TASK TO COMPLETE -
The lines below, from the first through the one containing "Fulenyi Motorrad Sitzkissen", are to be given again exactly, with pictures left out and nothing added.

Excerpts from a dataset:
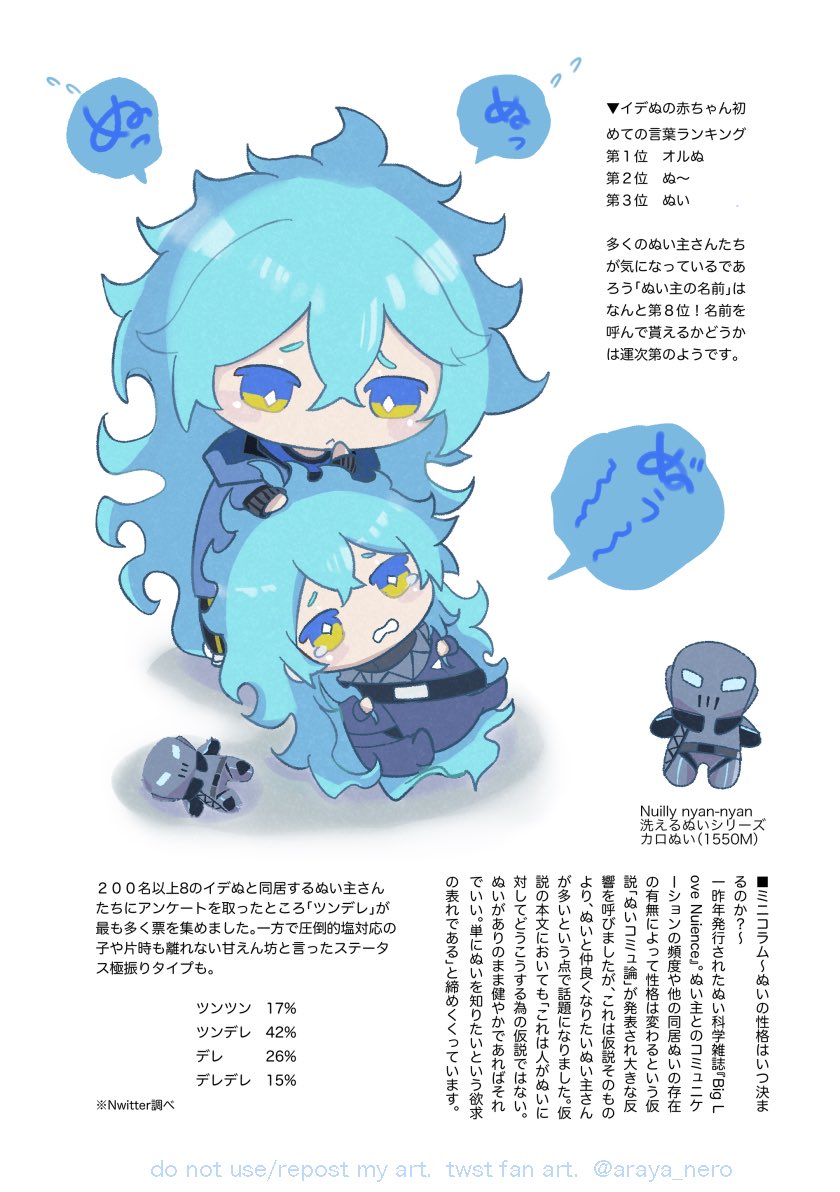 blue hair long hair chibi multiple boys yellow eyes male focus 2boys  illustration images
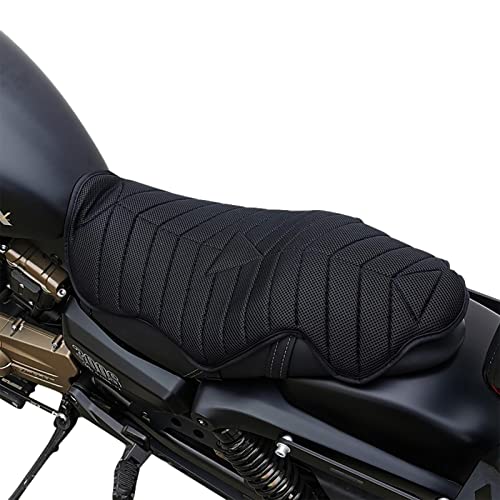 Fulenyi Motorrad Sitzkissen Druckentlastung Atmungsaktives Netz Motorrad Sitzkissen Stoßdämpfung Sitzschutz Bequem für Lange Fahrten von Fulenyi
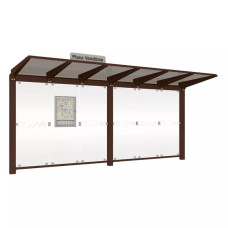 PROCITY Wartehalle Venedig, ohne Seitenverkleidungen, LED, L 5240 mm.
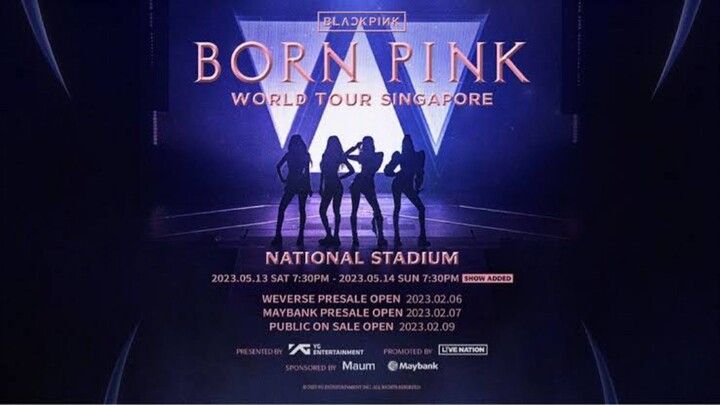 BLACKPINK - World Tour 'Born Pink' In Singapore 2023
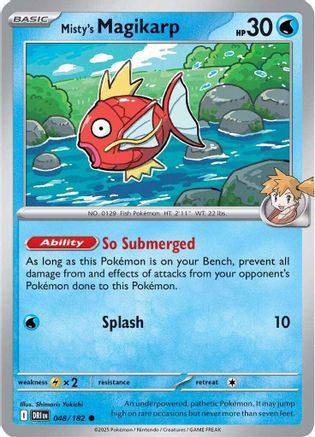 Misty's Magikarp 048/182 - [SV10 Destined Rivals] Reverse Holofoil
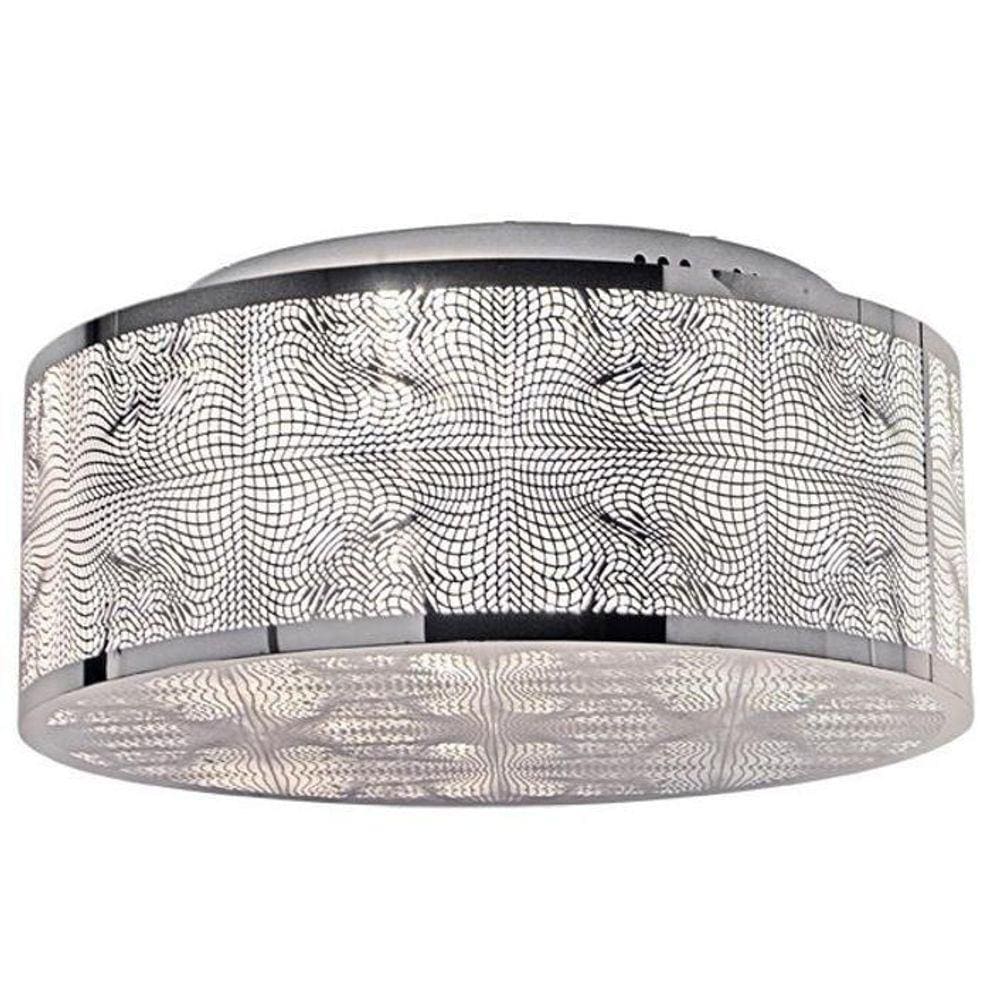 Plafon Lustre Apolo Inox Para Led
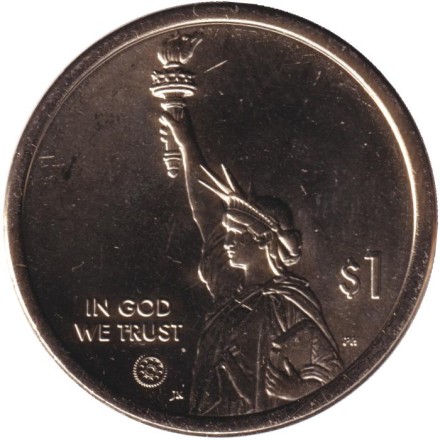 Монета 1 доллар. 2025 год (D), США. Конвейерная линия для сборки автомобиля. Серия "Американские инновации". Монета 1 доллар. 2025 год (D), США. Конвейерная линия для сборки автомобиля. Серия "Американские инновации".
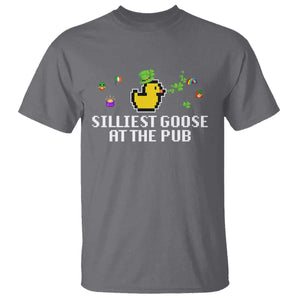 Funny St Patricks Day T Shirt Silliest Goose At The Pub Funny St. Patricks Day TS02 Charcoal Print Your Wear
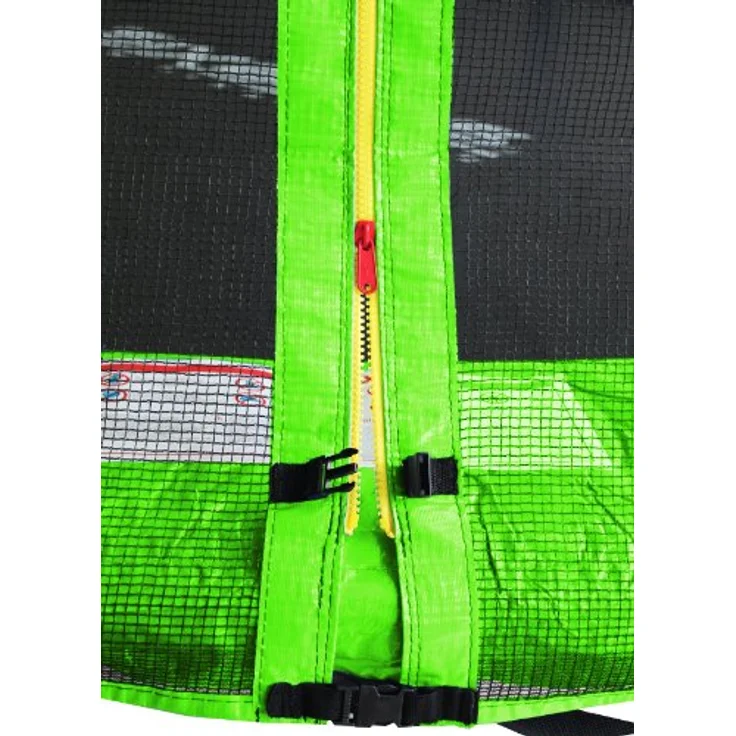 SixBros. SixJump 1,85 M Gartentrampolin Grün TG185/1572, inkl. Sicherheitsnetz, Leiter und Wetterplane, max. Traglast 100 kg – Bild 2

TASK RESULT -
 blue hair long hair chibi multiple boys yellow eyes male focus 2boys  illustration images
 Fulenyi Motorrad Sitzkissen Druckentlastung Atmungsaktives Netz Motorrad Sitzkissen Stoßdämpfung Sitzschutz Bequem für Lange Fahrten von Fulenyi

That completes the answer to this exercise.